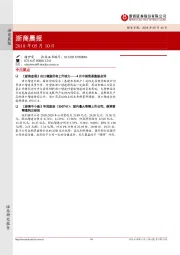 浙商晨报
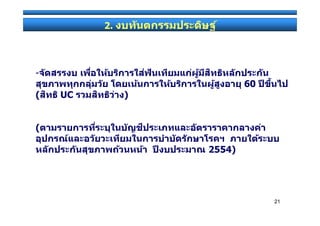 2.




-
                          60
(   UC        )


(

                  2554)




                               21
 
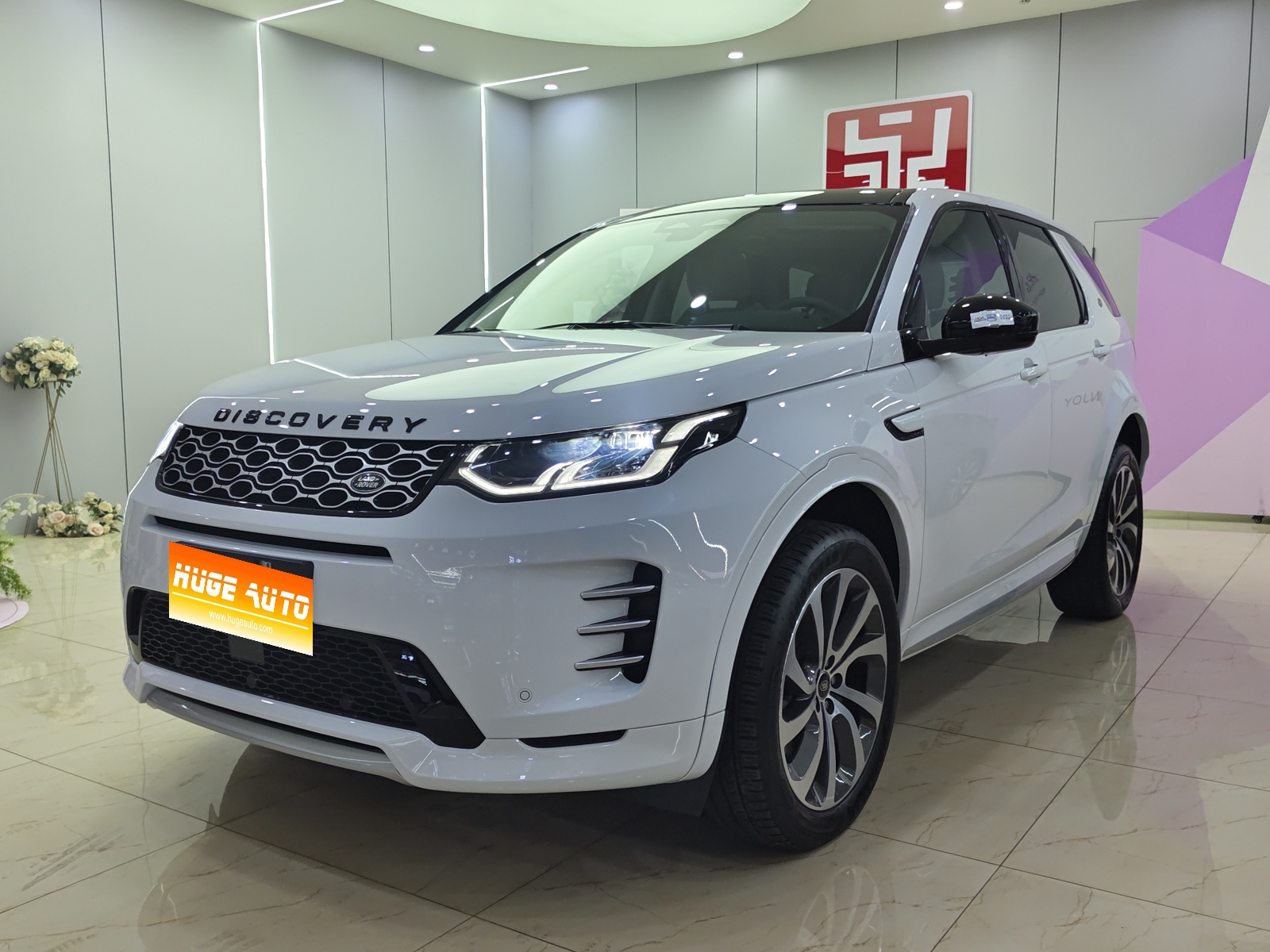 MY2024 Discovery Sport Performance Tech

★ ★ ★ ★ ★

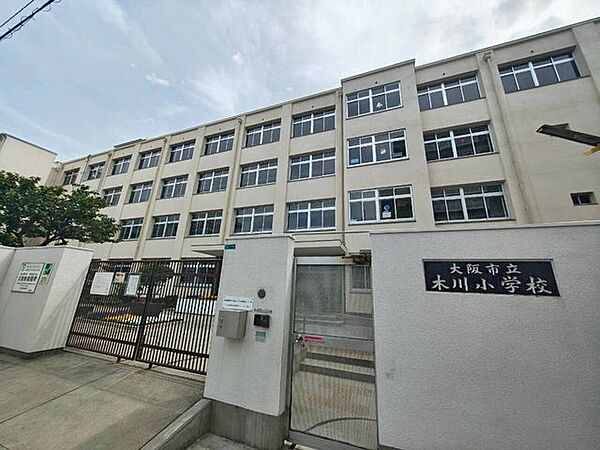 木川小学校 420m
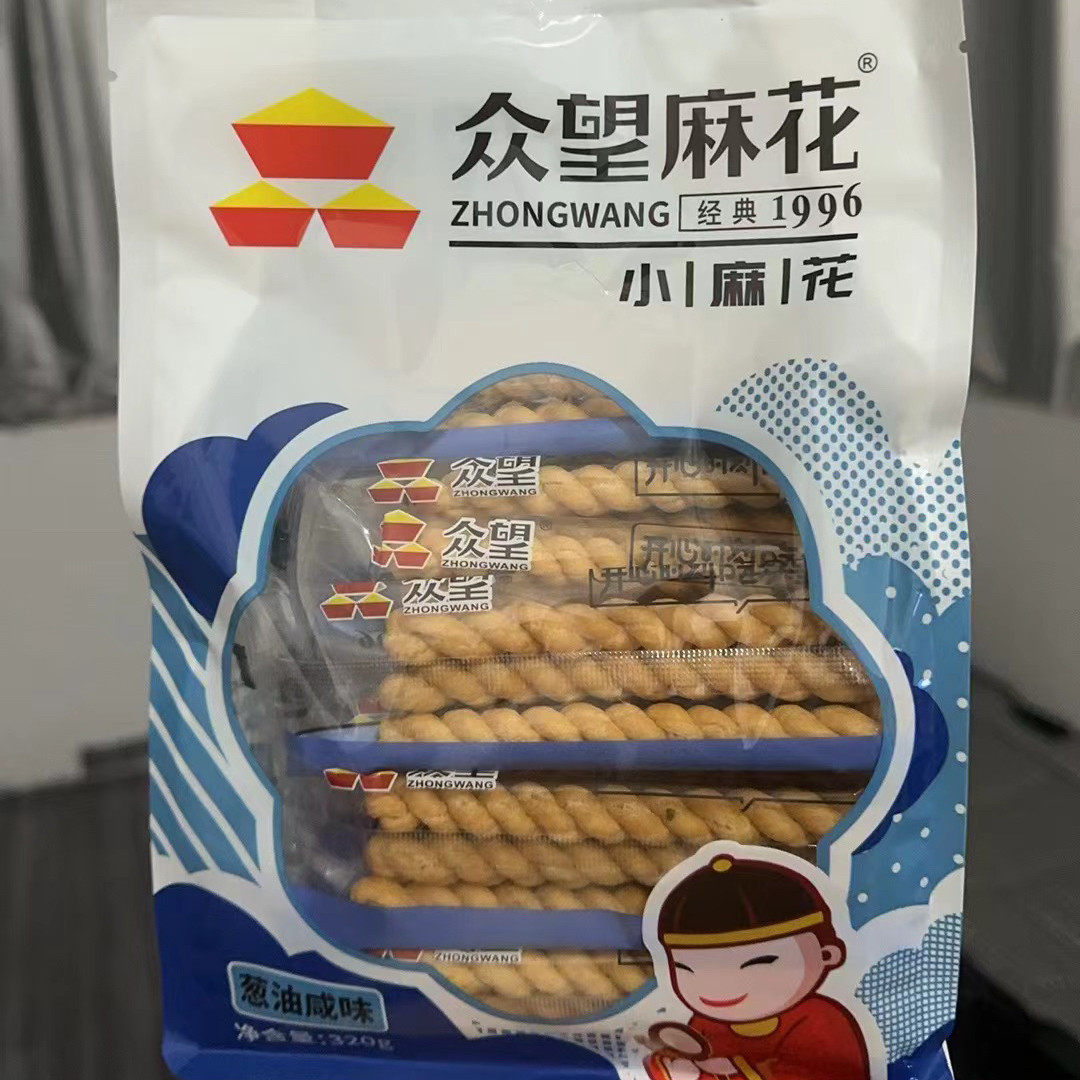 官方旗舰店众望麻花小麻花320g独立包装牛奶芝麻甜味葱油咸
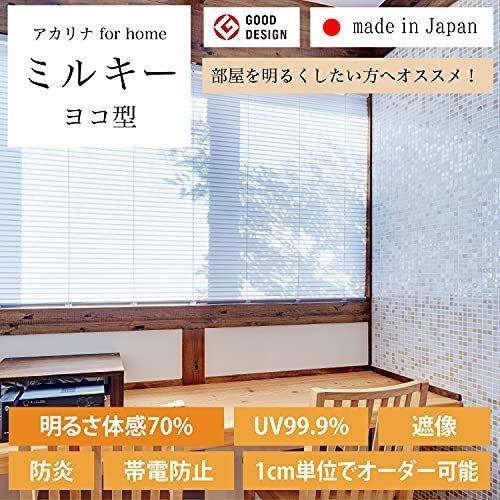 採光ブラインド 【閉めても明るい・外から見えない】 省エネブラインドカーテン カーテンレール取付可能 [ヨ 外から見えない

★ ★ ★ ★ ★

▸ **ABOUT THIS TASK**:
Starting at the line containing "官方旗舰店众望麻花小麻花320g独立包装牛奶芝麻甜味葱油咸" and stopping at the line containing "採光ブラインド 【閉めても明るい・外から見えない】 省エネブラインドカーテン", output each line exactly as it appears above. Leave out the pictures.

▸ **EXERCISE SOLUTION**:
 官方旗舰店众望麻花小麻花320g独立包装牛奶芝麻甜味葱油咸
 採光ブラインド 【閉めても明るい・外から見えない】 省エネブラインドカーテン カーテンレール取付可能 [ヨ 外から見えない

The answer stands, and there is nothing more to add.